▶ [TASK BRIEF]
Below this line is a listing that includes pictures. Copy exactly, and only, the lines from the one containing "Chicco Physio Soft" through the one containing "Close-up of Kalamkari"; the pictures do not go in the copy.

▶ [TASK INPUT]
+++

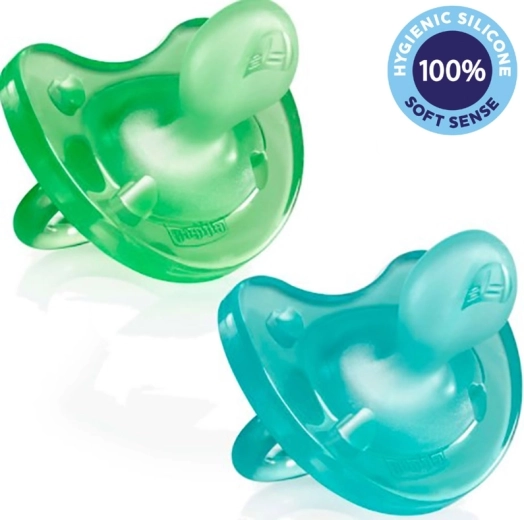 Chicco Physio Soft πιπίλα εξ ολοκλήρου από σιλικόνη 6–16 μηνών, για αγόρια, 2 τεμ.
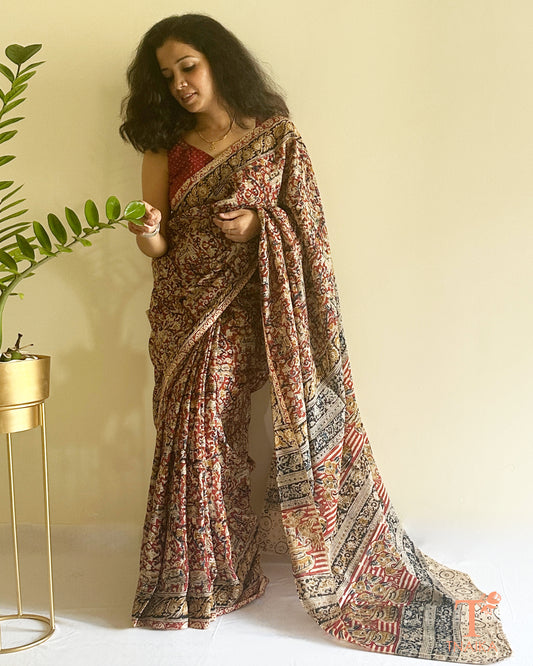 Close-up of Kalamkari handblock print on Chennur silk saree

+++

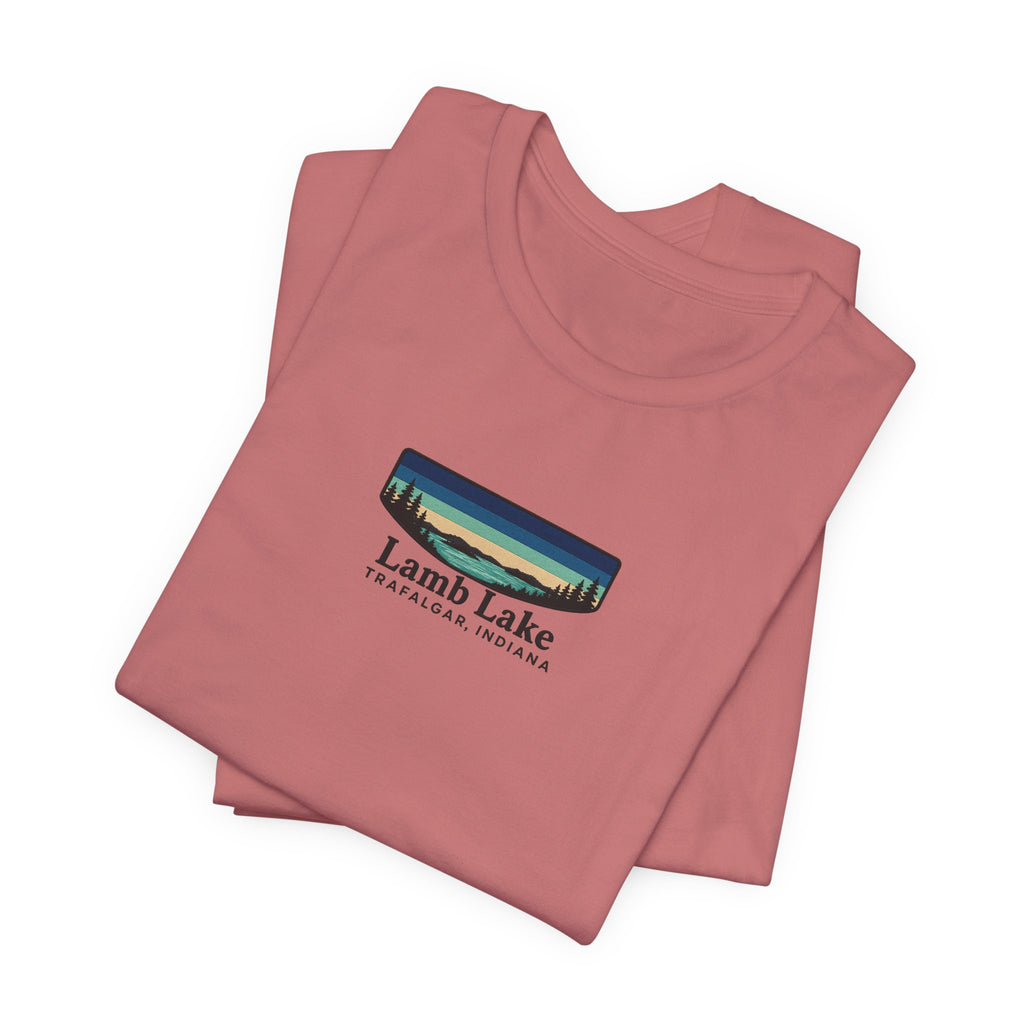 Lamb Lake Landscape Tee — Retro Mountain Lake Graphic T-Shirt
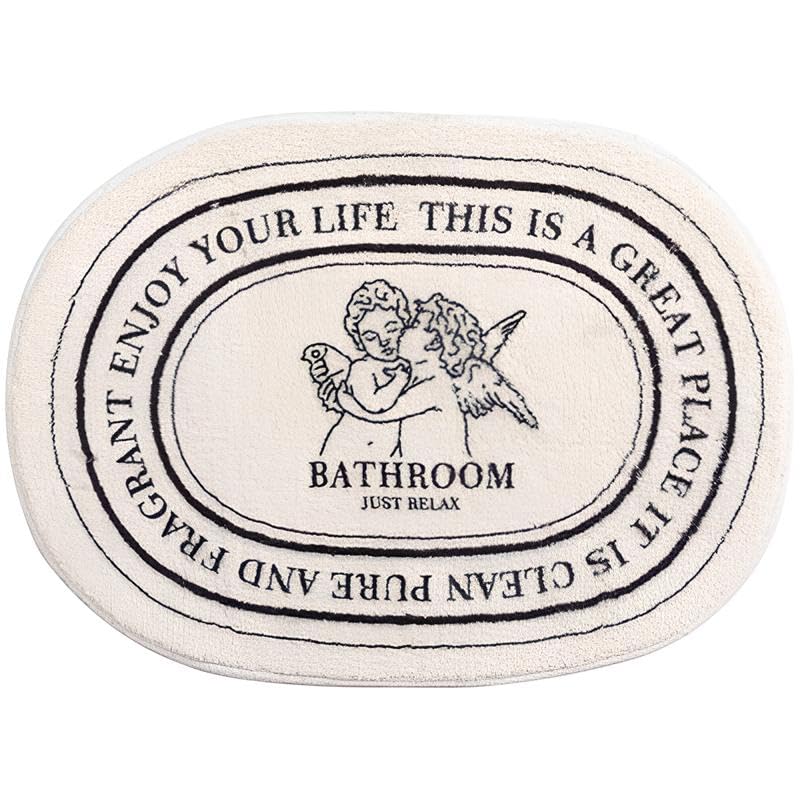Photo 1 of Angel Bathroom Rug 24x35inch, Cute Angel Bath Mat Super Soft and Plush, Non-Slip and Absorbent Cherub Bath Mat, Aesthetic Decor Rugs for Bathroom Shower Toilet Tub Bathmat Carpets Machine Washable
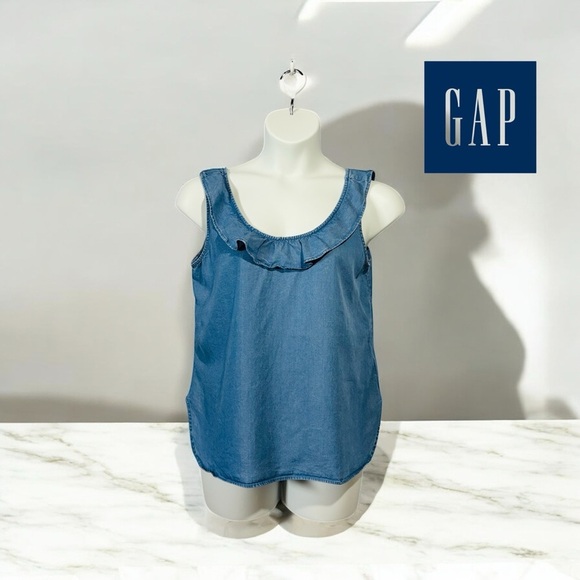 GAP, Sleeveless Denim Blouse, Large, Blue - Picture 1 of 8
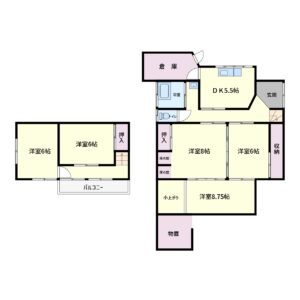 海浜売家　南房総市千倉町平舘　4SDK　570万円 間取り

+++

▶ [RESULT OF THE TASK]
 Chicco Physio Soft πιπίλα εξ ολοκλήρου από σιλικόνη 6–16 μηνών, για αγόρια, 2 τεμ.
 Close-up of Kalamkari handblock print on Chennur silk saree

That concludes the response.